Hello all, I am trying to train a Resnet50 model on imagenet. My requirement is that I want to only train a subset of weights using a mask. I have successfully done this with general resnet models on cifar10 using the following sequence of code:
optimizer.zero_grad()
loss.backward()
for name, p in model.named_parameters():
if 'weight' in name:
p.grad.data = p.grad.data * masks[name]
optimizer.step()
Where masks
is a dictionary containing layerwise masks with values of 1s and 0s.
Now, currently I am trying to incorporate the same idea for distributed imagenet training.
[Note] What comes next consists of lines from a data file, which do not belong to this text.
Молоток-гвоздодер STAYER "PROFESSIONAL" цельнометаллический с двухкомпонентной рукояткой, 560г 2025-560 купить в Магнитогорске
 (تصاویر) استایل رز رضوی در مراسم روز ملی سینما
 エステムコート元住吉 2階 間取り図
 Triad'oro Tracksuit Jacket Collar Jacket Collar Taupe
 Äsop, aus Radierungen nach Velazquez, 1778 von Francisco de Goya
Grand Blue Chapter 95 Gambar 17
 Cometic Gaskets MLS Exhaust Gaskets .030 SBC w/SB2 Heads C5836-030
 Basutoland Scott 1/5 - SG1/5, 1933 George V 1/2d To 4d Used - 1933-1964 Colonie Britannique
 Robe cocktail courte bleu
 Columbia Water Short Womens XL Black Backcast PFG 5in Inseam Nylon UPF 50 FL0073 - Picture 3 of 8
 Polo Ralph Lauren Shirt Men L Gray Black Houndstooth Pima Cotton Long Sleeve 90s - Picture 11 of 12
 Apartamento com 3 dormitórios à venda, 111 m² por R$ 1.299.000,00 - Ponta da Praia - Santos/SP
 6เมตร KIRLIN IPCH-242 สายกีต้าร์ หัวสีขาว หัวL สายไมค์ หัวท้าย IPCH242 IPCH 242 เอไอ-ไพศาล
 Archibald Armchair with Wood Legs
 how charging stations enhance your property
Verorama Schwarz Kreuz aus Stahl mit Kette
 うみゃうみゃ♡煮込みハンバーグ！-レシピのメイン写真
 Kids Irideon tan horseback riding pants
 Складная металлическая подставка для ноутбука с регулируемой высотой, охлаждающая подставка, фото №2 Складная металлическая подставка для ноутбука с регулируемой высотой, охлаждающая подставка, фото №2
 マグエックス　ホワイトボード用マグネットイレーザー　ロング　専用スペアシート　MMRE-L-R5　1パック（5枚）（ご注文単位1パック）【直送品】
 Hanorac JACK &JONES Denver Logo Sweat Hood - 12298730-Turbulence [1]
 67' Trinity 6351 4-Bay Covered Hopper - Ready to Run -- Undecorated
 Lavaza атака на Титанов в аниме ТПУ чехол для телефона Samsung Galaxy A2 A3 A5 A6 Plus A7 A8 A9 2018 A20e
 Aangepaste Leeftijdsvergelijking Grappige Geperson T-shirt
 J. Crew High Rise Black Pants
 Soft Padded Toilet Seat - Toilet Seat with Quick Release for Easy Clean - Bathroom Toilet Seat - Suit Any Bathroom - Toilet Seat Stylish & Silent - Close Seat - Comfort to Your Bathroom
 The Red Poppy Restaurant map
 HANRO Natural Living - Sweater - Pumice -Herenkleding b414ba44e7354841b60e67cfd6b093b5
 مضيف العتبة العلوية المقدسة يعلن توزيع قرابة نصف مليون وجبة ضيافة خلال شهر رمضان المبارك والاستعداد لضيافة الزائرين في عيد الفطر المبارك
I am using nVidia’s Resnet repo which utilizes AMP. I tried with including the following codeblock in nVidia’s implementation in this function in line 209 here:
scaler.scale(loss).backward()
for name, p in model_and_loss.named_parameters():
if 'weight' in name:
p.grad.data = p.grad.data * masks[name]
However, with the above code, still all of the weights are getting trained after gradient step. The optimizer step is done with (I think) here:
optimizer_step = ((i + 1) % batch_size_multiplier) == 0
loss = step(input, target, optimizer_step=optimizer_step)
if ema is not None:
ema(model_and_loss, epoch*steps_per_epoch+i)
I am unsure, how to achieve this in this nvidia implementation, also unsure how the gradient step is being taken.
My goal was to zero-out a subset of the gradients before taking the optimizer.step(), however with AMP it does not seem to be straightforward, specially in nvidia’s repo.
My question is, is there a different way to accomplish this in the training code here.
- Moreover, during AMP gradient update, is the same gradients from parameters.grad are used or am I missing something?
Thanks a lot for reading this. Please let me know if I need to clarify something here, I hope to be quick to response. I appreciate the help.